Natixis Asset Management introduces Seeyond, its structured product and volatility management investment division
In order to offer investors resilient investments in a lastingly unstable environment, Natixis Asset Management is creating an investment division dedicated to structured products and volatility management: Seeyond.
With 32 employees, the division has €14.7 billion in assets under management(1).
Seeyond’s offering is marketed by Natixis Global Asset Management’s global distribution platform and is intended for all types of investors, both professional and non-professional: institutional investors, companies, multi-managers, private banks, independent financial advisers and banking networks.
Strategies going beyond conventional active management
Structured management, flexible asset allocation, active volatility management, model-driven equity management or long/short equity – all the strategies proposed by Seeyond strive to provide solutions that combine performance generation with risk reduction. “The past decade has shown that investors are far from being remunerated in proportion to the risk taken”, stresses Emmanuel Bourdeix, co-Chief Investment Officer of Natixis Asset Management and head of Seeyond investment division. These different strategies are implemented through an active approach in which investment decisions are both objectivised by models and risk-weighted.

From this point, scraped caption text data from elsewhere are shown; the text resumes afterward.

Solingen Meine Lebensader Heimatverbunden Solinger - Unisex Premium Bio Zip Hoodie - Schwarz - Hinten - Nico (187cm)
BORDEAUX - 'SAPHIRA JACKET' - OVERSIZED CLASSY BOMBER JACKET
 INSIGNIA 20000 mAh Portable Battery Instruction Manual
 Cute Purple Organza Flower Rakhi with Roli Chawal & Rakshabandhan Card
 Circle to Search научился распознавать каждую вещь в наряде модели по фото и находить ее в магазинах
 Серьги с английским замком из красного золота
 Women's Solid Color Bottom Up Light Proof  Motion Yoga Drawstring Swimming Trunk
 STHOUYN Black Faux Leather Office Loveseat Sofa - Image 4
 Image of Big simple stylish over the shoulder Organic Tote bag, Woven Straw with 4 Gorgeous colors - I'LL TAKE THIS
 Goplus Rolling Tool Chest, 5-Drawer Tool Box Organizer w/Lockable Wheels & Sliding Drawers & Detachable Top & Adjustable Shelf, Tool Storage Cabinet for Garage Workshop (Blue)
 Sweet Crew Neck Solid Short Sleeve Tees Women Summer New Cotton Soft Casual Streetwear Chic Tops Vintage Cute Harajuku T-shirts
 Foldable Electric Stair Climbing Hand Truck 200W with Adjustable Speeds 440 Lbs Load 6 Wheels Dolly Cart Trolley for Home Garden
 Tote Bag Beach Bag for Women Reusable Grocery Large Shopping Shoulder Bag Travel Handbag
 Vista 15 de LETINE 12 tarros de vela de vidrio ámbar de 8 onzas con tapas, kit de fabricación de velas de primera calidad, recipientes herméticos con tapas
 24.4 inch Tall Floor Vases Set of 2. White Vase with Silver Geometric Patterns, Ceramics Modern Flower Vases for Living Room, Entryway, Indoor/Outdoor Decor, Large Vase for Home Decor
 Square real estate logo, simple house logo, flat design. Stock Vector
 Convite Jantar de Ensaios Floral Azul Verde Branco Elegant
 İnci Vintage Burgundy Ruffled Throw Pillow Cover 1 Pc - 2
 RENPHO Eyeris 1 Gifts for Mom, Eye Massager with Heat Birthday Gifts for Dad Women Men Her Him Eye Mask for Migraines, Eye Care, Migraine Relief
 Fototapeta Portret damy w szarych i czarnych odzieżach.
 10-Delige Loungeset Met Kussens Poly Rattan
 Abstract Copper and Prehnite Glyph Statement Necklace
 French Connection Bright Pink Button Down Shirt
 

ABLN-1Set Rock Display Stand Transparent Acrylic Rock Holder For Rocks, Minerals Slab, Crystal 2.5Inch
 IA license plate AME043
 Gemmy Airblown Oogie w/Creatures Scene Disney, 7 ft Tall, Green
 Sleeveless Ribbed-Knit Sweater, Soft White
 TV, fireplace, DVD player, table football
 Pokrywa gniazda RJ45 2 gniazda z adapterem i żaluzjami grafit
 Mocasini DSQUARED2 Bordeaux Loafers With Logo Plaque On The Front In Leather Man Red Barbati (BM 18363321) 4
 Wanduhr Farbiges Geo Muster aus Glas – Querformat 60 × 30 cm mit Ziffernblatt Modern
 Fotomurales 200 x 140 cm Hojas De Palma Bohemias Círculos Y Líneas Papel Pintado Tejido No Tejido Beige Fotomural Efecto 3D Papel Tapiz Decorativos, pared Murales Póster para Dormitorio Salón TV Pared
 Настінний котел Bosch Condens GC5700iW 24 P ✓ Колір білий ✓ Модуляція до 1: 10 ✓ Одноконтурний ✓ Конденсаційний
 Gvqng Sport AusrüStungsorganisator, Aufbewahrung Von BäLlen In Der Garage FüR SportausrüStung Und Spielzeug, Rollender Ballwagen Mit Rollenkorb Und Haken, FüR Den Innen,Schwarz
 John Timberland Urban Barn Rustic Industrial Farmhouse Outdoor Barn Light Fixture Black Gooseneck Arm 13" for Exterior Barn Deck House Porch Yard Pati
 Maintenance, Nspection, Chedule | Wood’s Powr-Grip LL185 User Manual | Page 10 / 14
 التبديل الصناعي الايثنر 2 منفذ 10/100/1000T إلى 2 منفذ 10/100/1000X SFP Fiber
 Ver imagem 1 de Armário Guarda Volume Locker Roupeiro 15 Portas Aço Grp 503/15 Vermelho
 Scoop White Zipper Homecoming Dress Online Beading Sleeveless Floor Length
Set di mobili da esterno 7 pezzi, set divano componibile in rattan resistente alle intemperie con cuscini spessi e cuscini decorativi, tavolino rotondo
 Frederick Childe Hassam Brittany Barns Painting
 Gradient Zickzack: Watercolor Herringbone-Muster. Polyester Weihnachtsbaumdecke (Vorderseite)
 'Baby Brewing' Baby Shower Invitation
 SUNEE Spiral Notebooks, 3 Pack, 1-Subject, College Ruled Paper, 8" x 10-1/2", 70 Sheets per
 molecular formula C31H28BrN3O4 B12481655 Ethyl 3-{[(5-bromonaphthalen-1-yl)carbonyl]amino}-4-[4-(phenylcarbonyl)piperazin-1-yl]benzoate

Turning uncertainty into opportunity
In durably volatile markets in which trends have been depleted, Seeyond’s investment philosophy is based on a strong conviction: it is more efficient to exploit market volatility to generate value rather than invest according to return forecasts that are sometimes inaccurate and often unstable. Seeyond’s teams thus use market variability and dispersion to generate performance and focus on risk management to construct portfolios tailored to a more complex environment.
Challenging conventional financial theories
Seeyond’s strength lies in its specialists’ ability to constantly challenge the postulates of conventional financial theory as well as its own models. For this purpose, the teams benefit from a dedicated quantitative research platform to support them in their day-to-day management.
“The creation of our investment division, Seeyond, meets the current needs and concerns of investors seeking resilient investments in a lastingly unstable environment”, explains Pascal Voisin, Managing Director of Natixis Asset Management.
1 Source: Natixis Asset Management as at 30 June 2012
Seeyond is the structured product and volatility management investment division of Natixis Asset Management. In order to offer investments that combine performance generation with risk reduction, Seeyond applies investment strategies going beyond conventional active management.
Seeyond develops a complete range of funds in four areas of expertise: capital protected funds, model‐driven and optimised equity management, multi‐asset absolute return and active volatility management, equity arbitrage. The fund managers benefit from a dedicated quantitative research team.
Seeyond’s offering is marketed by Natixis Global Asset Management’s global distribution platform and is intended for all types of investors, both professional and non‐professional.
With 32 employees, Seeyond has €14.7 billion in assets under management*.
Natixis Asset Management ranks among the leading European asset managers with €287 billion in assets under management and close to 675 employees*. Investment management at Natixis Asset Management revolves around six areas of expertise: Bonds, European equities, Investment and client solutions, Global emerging, Responsible Investment and Structured products and volatility, developed by Seeyond.
Natixis Global Asset Management, a fully‐owned subsidiary of Natixis, is comprised of management and distribution companies based in Europe, the United States and Asia. The company manages assets of over €560 billion worldwide and had a workforce staff of almost 3,000 as at 30 June 2012*.